Restaurant information
- Established: November 2020
- Chef: Dani Morales
- Food type: Mexican; Pre-Columbian;
- Location: 721 Northwest 9th Avenue #175, Portland, Multnomah, Oregon, 97209, United States
- Coordinates: 45°31′42″N 122°40′50″W﻿ / ﻿45.5282°N 122.6805°W
- Website: republicapdx.square.site

= República (restaurant) =

Restaurant in Portland, Oregon, U.S.

República is a restaurant in Portland, Oregon's Pearl District, in the United States. Established in 2020, the restaurant was slated to close permanently in February 2026, but announced plans to continue daytime service in March 2026.

== History ==
The restaurant opened in November 2020.

In 2023, Jose Camarena was one of 18 Portland chefs deemed "rising stars" by the restaurant industry resource and trade publication StarChefs.

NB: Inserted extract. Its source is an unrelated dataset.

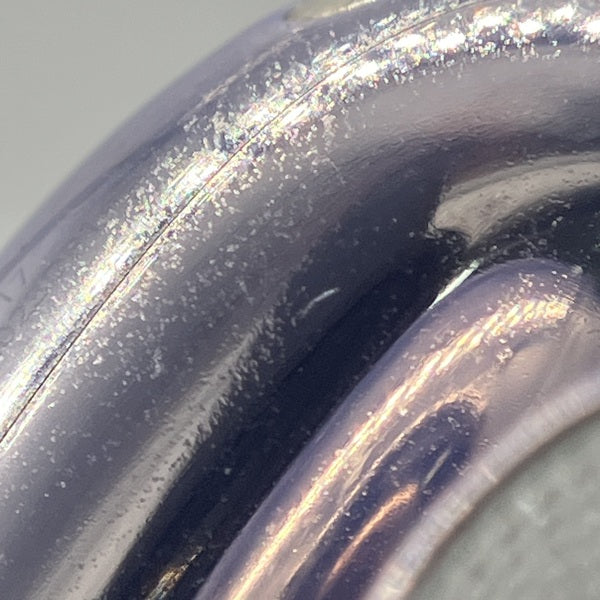 【中古】FreeClip Purple 【Dove-T00】【秋葉原】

In 2025, Dani Morales was named chef and the menu format was reduced from ten courses to seven. The business has announced plans to close permanently in February 2026. The closing date was pushed back to March 7, 2026.
== Reception ==
Kara Stokes and Maya MacEvoy included República in Eater Portlands 2022 overview of "Where to Eat and Drink in Portland’s Pearl District". The website included the business in a similar list in 2025. República was included in The Infatuation's 2024 list of Portland's best restaurants. The business was included in Portland Monthly's 2025 list of 25 restaurants "that made Portland".